Following the declaration of a global function or member function, declares the dimensions of the input arguments with the given name. This declaration must immediately follow the prototype of the function. Dimension strings may contain any arbitrary C expression. If the expression is sufficiently simple, e.g., "n" or "n+1" or "2*n", and if the expression includes another argument to the function ("n" in this case), then the other argument will be calculated from the dimensions of the input variable and need not be specified as an argument in the scripting language.
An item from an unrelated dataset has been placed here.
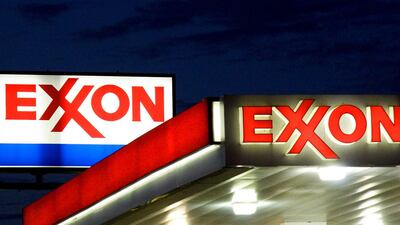 Exxon signs at a petrol station in Manassas, Virginia. Exxon is cutting 1,90 jobs in the US as part of a broader plan to shed 14,000 staff over the next two years, AFP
For example, if you have a function which is declared like this:

void myfunc(int n, double *x, double *y);
//%input x(3*n+4) //%output y(n*(n+1)/2)

n would be calculated from the dimension of the variable x and then used to compute the size of the output array. So you would call the function like this:

>>y = myfunc(x)

On the other hand, if you had a specification like this:

void return_diag(int n, double *x, double *y);
//%input x(n*(n+1)/2) //%output y(n)

then n will have to be explicitly specified because it is too difficult to calculate:

>>y = myfunc(n, x)


  • //%modify argname(dim1, dim2, ...), argname(dim1)
  • //%output argname(dim1, dim2, ...), argname(dim1)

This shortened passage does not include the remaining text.